クレジットカード会社など約1100社で構成する「日本クレジット協会」は17日、クレジットカードの加盟店が金融業者と結託して、事実上の高金利融資を行うケースが相次いでいるため、悪用の舞台となる悪質加盟店の排除に乗り出す方針を明らかにした。加盟各社に対し12月から、悪質店に関する情報交換を義務化して実態把握を進め、被害の拡大防止を目指す。【清水憲司】
最近目立つのは、すぐに現金が必要なカード利用者から融資を申し込まれた金融業者が加盟店と結託して、カード利用者が同加盟店から品物を購入したように架空の売り上げを計上し、利用者も不正であることを知りつつ、カード会社から決済を受けるケース。
例えば、加盟店と金融業者が架空売り上げでカード会社から30万円を得て、20万円をカード利用者に、残りを自分たちで分け合うなどの手法だ。目先の20万円が欲しいあまり、カード会社に30万円の返済義務を負わされるカード利用者にとっては、事実上の高金利融資となる。返済が滞ればカード会社の損失になるため、排除が急務になっている。
ただし、本来は高金利融資の被害者であるカード利用者も不正に半ば加担したため自ら申告できないケースが多く、被害は表面化しにくい。カード会社は、高額商品の買い物が突然増えるなど、不審な取引を探し出して悪質店を特定し、契約を打ち切るなどしているが、悪質店が他のカード会社と契約を結び、悪用を繰り返すケースは防げない。
このため同協会は、加盟カード会社に対し、協会のデータベースへの悪質店の情報登録を義務化し、同時に各社が新たな契約を結ぶ場合、不正の記録がないかの確認を義務付ける方針。各社は不自然なカード利用がないかチェックを強化する。
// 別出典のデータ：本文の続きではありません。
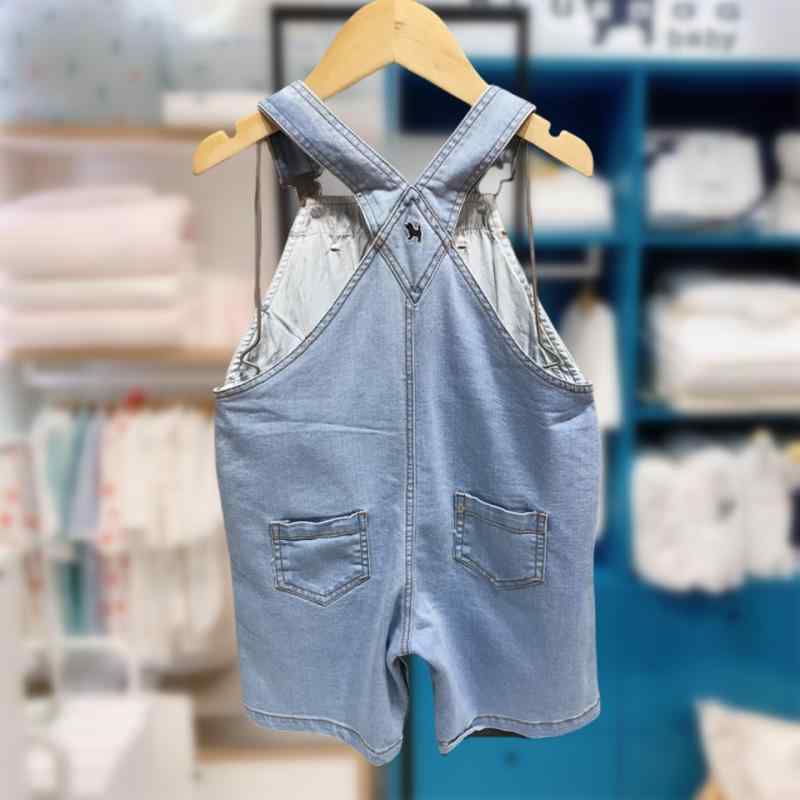 Long-Trousers, Trousers - キッズ 男の子 デニム 背広パンツ 開きぐら 夏 綿 柔らかい 生地 調整可能 ストラップ 韓国風 洗い加工 純色 ブルー かわいい スタイル 通気性 軽量 普段使い 遊び着 1-3歳 90-120cm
クレジットカードを用いた高金利融資では従来、金融業者が利用者に高額商品を買わせ、安値で引き取り高値で転売し、サヤを取るケースが多発していた。商品を無許可で買い取った金融業者が古物営業法違反などで摘発されるケースもあり、摘発逃れのため、加盟店を抱き込む新たな手法が出てきたとみられる。